La inseguridad que fue cultivada y promovida en las administraciones de ARENA y del FMLN caló tan hondo en la psique nacional que muchos ciudadanos tienen interiorizados comportamientos negativos relativos a la violencia, el miedo y el terror que las pandillas sembraron a lo largo y ancho del país.
No obstante, para los ciudadanos honrados y trabajadores, conocer la paz ha sido un catalizador para impulsar el emprendimiento y los negocios, además de que ha significado un importante salto cualitativo en calidad de vida.
En la medida en que las políticas de seguridad pública del presidente Nayib Bukele se volvieron la nueva realidad hemos visto cómo una nación entera se transforma. La pesadumbre que caía sobre todos por vivir rodeados de la muerte, la impunidad, la corrupción y la falta de oportunidades terminó y ahora se respira optimismo y esperanza.
El Centro Histórico de San Salvador pasó de ser un lugar tenebroso, dominado por el crimen organizado y convertido en pueblo fantasma al caer la noche a ser el corazón de un país entero. Los cambios impulsados cuando el presidente Bukele era el alcalde de la capital han empezado a tomar forma y a acelerarse desde el Gobierno.
Ahora, uno de los principales atractivos turísticos de El Salvador es su vibrante Centro Histórico, con edificios que son patrimonio cultural y se exhiben de manera orgullosa, como el Palacio Nacional, y otros que son una muestra del nuevo país que estamos construyendo entre todos, como la Biblioteca Nacional, un regalo de la República Popular China que fue gestionado por el presidente Bukele.
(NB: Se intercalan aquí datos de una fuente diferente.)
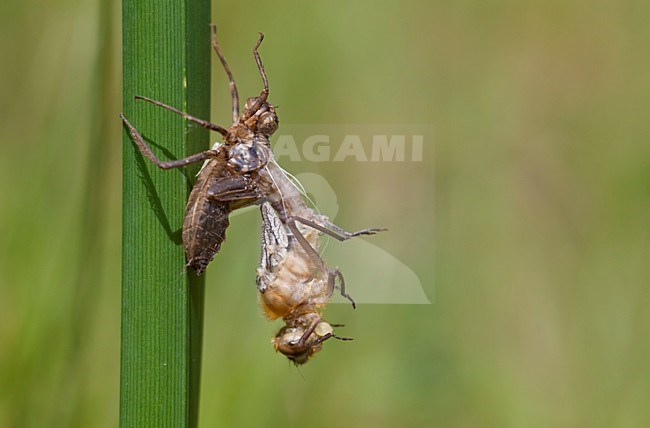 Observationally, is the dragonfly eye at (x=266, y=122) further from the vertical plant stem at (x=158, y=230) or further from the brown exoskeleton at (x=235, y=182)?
the vertical plant stem at (x=158, y=230)

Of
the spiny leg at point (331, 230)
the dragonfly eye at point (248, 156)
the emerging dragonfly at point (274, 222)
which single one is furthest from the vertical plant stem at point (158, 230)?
the spiny leg at point (331, 230)

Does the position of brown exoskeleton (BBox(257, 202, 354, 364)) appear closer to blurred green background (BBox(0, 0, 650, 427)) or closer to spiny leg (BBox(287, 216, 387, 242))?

En la Oficina de Planificación del Área Metropolitana de San Salvador (Opamss) se han recuperado proyectos privados estancados por un monto de $1,200 millones.
Pero el proceso va más allá del Centro Histórico y de la zona metropolitana. Dentro de unos días, una empresa de capital salvadoreño inaugurará una importante inversión que transformará el paisaje urbano de una de las metrópolis de la zona oriental del país. Esto es una muestra de la confianza del sector privado en el Gobierno del presidente Bukele y de la seguridad jurídica en el país.
Estas oportunidades no han aparecido de forma espontánea, sino que son el fruto del trabajo y la planificación del Gobierno.